Looking Forward, 2007 (detail)
Mixed media: glazed ceramic sculpture, wallpaper glue on wood, doormats, man T-shirts hanging on a fishhook
Sculpture size: 40 x 30 x 60 cm, décor 240 x 60 each panel, part of the installation Crime Scenes
The exhibition Crime Scenes is composed from three installations, which are titled as: ‘Looking forward’, ‘Become one’ and ‘The Siren’. Each part can be seen as an independent piece, but yet they are deeply associated with each other. Together they create a whole, a layered narrative, a ‘web’ that is being weaved due to an inner reflection and visual signs that echo. One can define three main ‘threads’, which guide the narrative and weave the web: the thread of crime, the thread of longing and the thread of the time perception. Together they create a non-linear story.

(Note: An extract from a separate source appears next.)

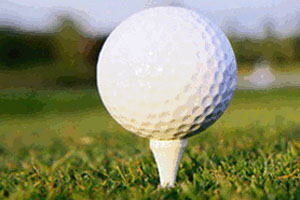 The Masonry Institute of Virginia Golf Outing will be held September 14, 2009.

Every scene is assembled of two main components: a three-dimensional ceramic figure and a two-dimensional ‘screen’ as décor. The ceramic figure is the main character and the décor, though not less important, the secondary one. The décor is the factor that opens a dialogue and relationship with the ceramic figure; it reveals something about the figures mental condition, exposes its hidden (sexual) desires, the ‘sinner- thoughts’ or in other words the Crime scene in which it appears.
All the characters in the scenes are longing for something which is out of their reach or was once within, and is no longer; The figures are longing for things that already passed, longing to the unknown future, longing to ‘become one’, longing for eternity, longing to hear the most beautiful voice, longing for two beautiful human legs. These desires are weightless and continuously moving ‘non-matter’, and can for instance be identified in the video projections or in the face expressions of the sculptures.
The longing for the impossible distorts time perception if one is fully and completely pre-occupied with longing. For what is no more or will not be, cannot be part of the present. The figures cannot experience nor accept the ‘here and now’. They live in another time zone, in a repetitive time, in the same moment again and again, without ability to escape, with the disability to accept the existence of earthly-life. This heavy fixation is symbolised in ‘matter’, such as the baked clay, in the repetition of the video loops or the flower pattern of the wallpaper.
The threads of longing and time perception are knotted together in a crime scene for the longing petrifies time and matter and causes a dead end.
What we see are the remains of what happened, a reconstruction of the place where the crime happened and the ‘Red handed’ figures that were caught in the ‘web’.